EXERCISE AIM ▸ What lines of the data below hold the string "Valley"? Copy each one out.

Items from a data source

┌──

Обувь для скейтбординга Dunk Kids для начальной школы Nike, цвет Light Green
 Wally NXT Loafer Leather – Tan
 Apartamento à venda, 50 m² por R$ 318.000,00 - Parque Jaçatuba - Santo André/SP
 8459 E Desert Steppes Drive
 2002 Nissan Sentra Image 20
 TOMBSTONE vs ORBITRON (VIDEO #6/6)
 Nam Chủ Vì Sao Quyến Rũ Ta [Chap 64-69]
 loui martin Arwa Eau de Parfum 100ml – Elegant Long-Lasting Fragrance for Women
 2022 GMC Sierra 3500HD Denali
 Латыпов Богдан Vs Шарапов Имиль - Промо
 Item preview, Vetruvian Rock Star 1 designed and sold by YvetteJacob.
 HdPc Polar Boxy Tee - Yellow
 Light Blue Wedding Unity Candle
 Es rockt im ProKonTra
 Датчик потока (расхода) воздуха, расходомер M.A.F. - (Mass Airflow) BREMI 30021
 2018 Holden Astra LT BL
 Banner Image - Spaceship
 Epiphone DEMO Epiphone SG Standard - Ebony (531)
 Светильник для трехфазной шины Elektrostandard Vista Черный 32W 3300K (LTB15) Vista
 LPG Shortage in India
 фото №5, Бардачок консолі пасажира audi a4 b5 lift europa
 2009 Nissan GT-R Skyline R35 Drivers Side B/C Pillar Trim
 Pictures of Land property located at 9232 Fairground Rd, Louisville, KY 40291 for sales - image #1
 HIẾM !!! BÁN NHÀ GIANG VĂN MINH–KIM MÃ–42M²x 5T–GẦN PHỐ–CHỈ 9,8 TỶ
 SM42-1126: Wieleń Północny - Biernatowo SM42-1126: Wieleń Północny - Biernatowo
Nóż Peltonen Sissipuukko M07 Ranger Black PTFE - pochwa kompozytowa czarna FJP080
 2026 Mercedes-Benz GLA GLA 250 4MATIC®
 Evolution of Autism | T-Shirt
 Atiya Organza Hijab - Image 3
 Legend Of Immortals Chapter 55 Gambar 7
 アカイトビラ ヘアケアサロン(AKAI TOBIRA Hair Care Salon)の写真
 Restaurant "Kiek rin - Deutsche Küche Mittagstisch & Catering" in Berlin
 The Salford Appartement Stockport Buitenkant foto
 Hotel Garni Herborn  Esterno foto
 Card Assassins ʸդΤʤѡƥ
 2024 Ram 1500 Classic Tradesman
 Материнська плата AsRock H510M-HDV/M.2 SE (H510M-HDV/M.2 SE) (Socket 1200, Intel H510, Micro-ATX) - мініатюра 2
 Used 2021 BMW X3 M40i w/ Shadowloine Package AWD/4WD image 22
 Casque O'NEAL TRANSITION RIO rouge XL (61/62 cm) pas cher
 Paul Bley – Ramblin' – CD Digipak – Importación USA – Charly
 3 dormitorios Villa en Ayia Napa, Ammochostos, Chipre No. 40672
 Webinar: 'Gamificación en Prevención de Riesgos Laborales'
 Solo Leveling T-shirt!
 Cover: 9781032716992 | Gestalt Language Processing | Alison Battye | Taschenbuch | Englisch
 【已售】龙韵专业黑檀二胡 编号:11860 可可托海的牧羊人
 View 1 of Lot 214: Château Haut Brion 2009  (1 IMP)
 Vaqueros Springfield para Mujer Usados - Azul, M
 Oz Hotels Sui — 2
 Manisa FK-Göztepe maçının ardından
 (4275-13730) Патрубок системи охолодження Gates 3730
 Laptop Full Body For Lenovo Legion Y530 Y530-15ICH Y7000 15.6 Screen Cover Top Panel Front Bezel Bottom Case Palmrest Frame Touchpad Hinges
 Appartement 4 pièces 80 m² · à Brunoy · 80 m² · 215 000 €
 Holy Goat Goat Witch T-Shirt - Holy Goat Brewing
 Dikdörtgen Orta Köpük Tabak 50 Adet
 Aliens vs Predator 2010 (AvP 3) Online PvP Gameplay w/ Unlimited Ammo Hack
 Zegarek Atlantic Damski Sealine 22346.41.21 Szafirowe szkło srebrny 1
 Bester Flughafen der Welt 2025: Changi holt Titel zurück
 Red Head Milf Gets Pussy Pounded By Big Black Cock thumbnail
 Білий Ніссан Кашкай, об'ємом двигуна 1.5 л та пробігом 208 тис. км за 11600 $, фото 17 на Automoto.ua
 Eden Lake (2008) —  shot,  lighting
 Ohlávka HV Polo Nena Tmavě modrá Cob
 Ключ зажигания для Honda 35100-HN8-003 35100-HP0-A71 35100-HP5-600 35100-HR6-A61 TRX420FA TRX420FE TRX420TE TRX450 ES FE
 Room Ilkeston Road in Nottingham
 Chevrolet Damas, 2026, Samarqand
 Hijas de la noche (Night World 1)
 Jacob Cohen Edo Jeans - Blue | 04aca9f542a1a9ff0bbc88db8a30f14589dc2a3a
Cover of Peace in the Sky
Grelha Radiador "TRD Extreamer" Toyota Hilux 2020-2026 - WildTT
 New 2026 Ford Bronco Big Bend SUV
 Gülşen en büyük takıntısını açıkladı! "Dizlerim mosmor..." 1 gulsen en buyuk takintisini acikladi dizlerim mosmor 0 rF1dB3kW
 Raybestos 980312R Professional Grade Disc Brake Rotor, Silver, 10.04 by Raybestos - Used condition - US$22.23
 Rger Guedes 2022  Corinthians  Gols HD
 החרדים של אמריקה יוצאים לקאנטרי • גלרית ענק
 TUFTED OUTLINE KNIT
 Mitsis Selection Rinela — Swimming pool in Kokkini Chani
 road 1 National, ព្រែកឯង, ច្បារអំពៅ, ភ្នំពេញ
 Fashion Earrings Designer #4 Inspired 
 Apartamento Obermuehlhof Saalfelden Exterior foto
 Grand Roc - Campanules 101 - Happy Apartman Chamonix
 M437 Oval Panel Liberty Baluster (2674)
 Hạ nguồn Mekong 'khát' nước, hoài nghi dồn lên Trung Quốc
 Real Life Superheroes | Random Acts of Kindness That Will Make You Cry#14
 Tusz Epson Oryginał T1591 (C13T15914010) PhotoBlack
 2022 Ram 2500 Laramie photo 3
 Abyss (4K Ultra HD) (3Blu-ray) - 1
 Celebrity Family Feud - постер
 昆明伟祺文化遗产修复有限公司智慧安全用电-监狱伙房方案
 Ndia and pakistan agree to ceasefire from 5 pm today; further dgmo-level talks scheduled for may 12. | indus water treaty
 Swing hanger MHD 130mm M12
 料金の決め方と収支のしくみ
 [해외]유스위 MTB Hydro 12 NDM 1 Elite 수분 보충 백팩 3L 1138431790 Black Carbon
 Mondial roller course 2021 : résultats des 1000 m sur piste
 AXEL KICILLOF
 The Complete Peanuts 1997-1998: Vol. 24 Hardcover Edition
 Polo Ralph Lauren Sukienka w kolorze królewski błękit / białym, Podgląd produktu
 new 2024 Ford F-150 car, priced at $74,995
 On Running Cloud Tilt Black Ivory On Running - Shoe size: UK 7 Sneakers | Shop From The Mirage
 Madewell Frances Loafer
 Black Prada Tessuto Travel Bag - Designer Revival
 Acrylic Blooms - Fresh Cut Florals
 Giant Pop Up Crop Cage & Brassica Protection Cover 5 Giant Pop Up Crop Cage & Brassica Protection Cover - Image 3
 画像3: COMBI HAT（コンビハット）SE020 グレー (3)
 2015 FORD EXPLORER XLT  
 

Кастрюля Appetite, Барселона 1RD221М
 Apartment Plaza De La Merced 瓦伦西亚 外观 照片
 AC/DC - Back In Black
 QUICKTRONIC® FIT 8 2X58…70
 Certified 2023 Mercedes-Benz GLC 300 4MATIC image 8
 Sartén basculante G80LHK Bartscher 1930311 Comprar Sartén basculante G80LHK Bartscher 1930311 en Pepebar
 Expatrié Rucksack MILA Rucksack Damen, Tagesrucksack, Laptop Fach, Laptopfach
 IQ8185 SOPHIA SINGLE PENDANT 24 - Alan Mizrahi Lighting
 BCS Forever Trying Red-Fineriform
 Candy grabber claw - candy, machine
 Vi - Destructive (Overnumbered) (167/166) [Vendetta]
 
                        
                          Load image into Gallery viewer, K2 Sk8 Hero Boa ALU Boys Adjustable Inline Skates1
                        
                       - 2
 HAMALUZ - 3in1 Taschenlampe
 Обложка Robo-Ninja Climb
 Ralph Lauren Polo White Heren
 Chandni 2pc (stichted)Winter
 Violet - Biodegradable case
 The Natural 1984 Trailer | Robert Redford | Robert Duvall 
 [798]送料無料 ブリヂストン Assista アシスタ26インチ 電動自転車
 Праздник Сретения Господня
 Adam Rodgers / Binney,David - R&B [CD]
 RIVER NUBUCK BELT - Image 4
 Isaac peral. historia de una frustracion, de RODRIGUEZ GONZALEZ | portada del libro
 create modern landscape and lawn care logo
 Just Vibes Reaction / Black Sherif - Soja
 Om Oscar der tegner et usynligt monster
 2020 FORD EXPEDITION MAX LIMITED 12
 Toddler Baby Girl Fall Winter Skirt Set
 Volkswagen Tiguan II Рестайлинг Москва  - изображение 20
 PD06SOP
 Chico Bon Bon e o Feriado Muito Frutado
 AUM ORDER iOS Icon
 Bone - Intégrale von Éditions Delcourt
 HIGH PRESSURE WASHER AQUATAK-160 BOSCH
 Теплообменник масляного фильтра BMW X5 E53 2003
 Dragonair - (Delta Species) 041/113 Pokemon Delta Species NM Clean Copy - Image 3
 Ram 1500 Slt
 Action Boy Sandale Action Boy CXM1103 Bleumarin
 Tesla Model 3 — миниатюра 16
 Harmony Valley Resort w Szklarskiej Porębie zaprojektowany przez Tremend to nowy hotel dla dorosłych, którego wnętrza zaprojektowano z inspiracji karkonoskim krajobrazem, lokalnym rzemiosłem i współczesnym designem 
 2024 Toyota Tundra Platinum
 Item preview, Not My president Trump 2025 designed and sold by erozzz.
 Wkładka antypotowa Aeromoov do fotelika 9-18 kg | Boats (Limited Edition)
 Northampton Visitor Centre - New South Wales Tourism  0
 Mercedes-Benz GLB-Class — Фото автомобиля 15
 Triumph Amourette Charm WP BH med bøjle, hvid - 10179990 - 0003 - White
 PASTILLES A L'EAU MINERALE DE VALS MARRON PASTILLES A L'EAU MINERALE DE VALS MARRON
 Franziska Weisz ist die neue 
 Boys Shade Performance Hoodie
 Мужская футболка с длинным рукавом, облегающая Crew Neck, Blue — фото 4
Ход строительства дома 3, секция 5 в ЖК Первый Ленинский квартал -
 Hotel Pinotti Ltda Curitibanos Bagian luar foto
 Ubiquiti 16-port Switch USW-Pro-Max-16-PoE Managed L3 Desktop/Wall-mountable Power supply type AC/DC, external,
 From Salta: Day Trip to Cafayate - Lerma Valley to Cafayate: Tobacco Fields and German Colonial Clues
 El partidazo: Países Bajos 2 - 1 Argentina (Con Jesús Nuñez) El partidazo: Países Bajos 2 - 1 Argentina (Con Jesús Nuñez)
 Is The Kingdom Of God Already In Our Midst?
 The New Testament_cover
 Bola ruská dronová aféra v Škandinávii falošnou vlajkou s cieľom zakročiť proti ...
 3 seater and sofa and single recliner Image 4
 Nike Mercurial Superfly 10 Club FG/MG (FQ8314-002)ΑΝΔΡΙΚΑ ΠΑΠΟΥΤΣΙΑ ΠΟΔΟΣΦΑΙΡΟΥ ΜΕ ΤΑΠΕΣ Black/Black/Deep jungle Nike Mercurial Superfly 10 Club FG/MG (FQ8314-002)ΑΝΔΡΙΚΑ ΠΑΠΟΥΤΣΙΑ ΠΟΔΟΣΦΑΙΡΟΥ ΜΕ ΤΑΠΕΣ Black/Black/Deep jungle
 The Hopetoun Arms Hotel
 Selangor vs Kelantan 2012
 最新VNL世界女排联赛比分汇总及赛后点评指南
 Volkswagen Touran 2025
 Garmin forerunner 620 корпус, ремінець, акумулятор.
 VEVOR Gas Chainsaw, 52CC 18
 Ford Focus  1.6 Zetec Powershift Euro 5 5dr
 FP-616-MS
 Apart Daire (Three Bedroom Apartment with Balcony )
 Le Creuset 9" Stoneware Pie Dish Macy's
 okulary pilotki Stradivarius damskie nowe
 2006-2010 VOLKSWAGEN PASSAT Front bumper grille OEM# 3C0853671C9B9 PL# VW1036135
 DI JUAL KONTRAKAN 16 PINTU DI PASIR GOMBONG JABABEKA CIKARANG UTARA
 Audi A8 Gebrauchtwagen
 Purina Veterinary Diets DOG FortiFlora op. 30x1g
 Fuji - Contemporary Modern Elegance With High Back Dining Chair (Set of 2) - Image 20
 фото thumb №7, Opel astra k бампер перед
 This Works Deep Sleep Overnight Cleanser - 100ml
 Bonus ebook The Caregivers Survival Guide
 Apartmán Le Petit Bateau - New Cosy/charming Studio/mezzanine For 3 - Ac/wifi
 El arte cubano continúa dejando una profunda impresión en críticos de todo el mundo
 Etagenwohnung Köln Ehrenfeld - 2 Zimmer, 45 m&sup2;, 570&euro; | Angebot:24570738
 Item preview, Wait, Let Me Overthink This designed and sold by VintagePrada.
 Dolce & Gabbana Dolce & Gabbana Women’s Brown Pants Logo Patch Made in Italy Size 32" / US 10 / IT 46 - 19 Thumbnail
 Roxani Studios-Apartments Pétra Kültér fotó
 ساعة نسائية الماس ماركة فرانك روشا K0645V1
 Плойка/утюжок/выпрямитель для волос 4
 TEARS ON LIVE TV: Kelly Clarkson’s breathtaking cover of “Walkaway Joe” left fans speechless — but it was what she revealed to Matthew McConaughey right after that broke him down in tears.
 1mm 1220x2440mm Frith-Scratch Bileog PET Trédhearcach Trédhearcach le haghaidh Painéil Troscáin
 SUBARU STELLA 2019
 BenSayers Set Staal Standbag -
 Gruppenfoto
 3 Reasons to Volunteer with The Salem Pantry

└──

EXPECTED OUTPUT ▸
 Harmony Valley Resort w Szklarskiej Porębie zaprojektowany przez Tremend to nowy hotel dla dorosłych, którego wnętrza zaprojektowano z inspiracji karkonoskim krajobrazem, lokalnym rzemiosłem i współczesnym designem 
 From Salta: Day Trip to Cafayate - Lerma Valley to Cafayate: Tobacco Fields and German Colonial Clues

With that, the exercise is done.